The Department of Housing and Urban Development is pushing a plan to make the 60-year-old Federal Housing Administration loan program more accessible to those who previously have had no other choice but to rent, while at the same time not restricting its business to such customers.
Harvard University’s Joint Center for Housing Studies, operating under a HUD contract, advanced the idea with the recent release of a report summarizing an eight-city series of hearings by HUD on the future of the government-insured loan program.
Based on testimony from more than 150 participants, many representing housing industry and community groups, the report said FHA needs to free itself from government bureaucracy that hampers its ability to respond quickly to changing market needs.

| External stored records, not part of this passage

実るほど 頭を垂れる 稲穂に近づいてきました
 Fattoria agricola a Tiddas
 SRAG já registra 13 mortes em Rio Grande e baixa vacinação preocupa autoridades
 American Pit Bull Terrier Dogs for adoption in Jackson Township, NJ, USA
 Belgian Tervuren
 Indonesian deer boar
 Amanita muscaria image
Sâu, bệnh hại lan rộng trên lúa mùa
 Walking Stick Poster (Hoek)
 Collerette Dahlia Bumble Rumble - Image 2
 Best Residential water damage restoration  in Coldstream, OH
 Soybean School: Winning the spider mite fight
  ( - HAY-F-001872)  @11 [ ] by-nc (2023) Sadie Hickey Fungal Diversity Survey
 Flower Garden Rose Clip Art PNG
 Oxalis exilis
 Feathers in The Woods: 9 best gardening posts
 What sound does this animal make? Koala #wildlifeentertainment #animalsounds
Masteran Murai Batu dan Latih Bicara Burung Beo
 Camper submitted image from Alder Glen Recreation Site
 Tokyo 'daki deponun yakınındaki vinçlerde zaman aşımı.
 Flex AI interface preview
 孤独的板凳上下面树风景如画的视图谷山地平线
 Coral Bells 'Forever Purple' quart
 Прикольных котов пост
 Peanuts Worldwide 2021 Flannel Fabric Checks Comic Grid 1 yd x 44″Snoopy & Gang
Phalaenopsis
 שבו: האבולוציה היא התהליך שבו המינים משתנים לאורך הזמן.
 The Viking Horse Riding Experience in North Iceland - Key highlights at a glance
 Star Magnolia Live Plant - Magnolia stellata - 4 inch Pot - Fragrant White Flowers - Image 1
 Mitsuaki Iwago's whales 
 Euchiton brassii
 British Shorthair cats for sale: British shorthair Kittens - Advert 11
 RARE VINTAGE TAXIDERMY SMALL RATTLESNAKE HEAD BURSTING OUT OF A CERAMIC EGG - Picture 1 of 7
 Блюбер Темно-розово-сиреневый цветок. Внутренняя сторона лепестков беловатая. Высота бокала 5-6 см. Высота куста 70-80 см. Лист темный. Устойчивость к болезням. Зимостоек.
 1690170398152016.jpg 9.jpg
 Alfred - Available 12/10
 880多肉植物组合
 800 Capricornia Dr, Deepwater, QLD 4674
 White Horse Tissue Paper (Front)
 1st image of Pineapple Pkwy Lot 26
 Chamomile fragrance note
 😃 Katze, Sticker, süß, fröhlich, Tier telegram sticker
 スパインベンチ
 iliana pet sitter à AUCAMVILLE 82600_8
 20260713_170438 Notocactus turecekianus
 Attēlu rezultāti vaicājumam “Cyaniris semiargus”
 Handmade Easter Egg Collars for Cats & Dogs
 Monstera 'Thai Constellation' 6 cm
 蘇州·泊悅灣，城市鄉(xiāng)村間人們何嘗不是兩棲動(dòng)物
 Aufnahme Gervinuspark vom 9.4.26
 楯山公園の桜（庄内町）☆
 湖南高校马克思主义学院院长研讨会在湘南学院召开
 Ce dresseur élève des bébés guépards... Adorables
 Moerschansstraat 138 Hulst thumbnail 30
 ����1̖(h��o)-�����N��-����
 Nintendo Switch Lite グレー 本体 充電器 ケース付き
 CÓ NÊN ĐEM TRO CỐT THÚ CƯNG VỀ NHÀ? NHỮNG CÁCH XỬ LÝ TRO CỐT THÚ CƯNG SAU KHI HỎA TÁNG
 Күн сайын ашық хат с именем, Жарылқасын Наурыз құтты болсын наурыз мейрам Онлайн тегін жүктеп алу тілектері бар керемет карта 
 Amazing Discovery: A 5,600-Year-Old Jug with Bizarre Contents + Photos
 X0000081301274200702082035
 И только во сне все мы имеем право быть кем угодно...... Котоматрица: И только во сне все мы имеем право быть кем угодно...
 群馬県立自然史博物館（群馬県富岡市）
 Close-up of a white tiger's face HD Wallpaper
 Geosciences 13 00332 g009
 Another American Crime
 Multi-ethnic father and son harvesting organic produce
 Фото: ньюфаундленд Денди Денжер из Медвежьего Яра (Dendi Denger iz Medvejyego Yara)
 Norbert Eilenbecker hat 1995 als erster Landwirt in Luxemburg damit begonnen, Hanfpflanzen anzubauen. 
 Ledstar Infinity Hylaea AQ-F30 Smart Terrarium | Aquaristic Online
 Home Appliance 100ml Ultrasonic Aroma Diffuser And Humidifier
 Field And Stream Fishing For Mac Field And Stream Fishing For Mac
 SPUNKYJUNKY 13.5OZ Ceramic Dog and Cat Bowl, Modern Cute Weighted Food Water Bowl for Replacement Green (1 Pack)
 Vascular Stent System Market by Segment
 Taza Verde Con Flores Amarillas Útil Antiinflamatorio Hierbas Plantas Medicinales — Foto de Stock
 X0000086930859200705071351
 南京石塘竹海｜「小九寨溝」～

Yet, the report concluded, the agency continues to play a vital role in providing mortgage credit to borrowers that the private industry is unwilling or unable to insure.
“FHA’s most valuable asset is the full faith and credit of the federal government,” said William C. Apgar Jr., executive director of the Joint Center, who co-authored the report. That translates into lower operational costs than the private mortgage insurance industry can achieve, he said.
Congress is considering legislation proposed by the Clinton administration to grant FHA more autonomy but leave it under the policy direction of the HUD secretary.
Competing bills also before the lawmakers, however, seek to abolish FHA and HUD or restrict the single-family home mortgage program to first-time and lower-income home buyers.
Lenders require some form of mortgage insurance on loans with less than a 20 percent down payment to cover their losses in the event of borrower default.
Borrowers pay more for mortgage insurance under the FHA program than they would for privately insured loans. Yet, they still opt for an FHA mortgage because they cannot find a comparable, privately insured mortgage, the report noted.
Despite the higher insurance premiums charged, FHA is able to operate less expensively than the mortgage insurance industry, which charges an average price instead of a risk-based price, said FHA Commissioner Nicolas P. Retsinas.
“Private insurers must earn a profit sufficient to set aside the high levels of capital required by state regulators and their shareholders to provide adequate assurance of the ability to pay claims and earn profits (of up to 18 percent in recent years) for shareholders,” Retsinas said at a recent Congressional hearing.
FHA’s comparative cost advantage, “coupled with FHA’s high premiums, allows it to support a higher level of losses and thus serve untested or higher-risk borrowers, at no cost to the taxpayer,” Retsinas said.
Although the private mortgage insurance industry doesn’t quarrel with the need to retain FHA, the agency’s business should be restricted to avoid competing with the private sector, said W. Roger Haughton, president of PMI Mortgage Insurance Co., a large San Francisco-based mortgage insurer.
“We believe FHA should operate on a more focused, limited basis,” that leaves repeat purchases to the private insurers, Haughton said.
In one of the FHA hearings, Greg Barmore, chairman of G.E. Capital Mortgage Corp., warned against duplicating the efforts of the private insurance industry, in which his company is leading player.
Instead, he said, FHA should be “trying to stimulate it, lead it, encourage it.”
While the Clinton administration also wants FHA to concentrate on first-time buyers, it doesn’t want it to do so to the exclusion of other underserved groups of borrowers.
In its legislative proposal, the administration calls for setting temporary performance goals for the agency, reconstituted as the Financial Housing Corp., that would earmark 67 percent of its business for first-time buyers in each of the next two years.
After that, the target could rise higher still at the discretion of the HUD secretary. To make all that possible, however, FHA will need added Congressional approval.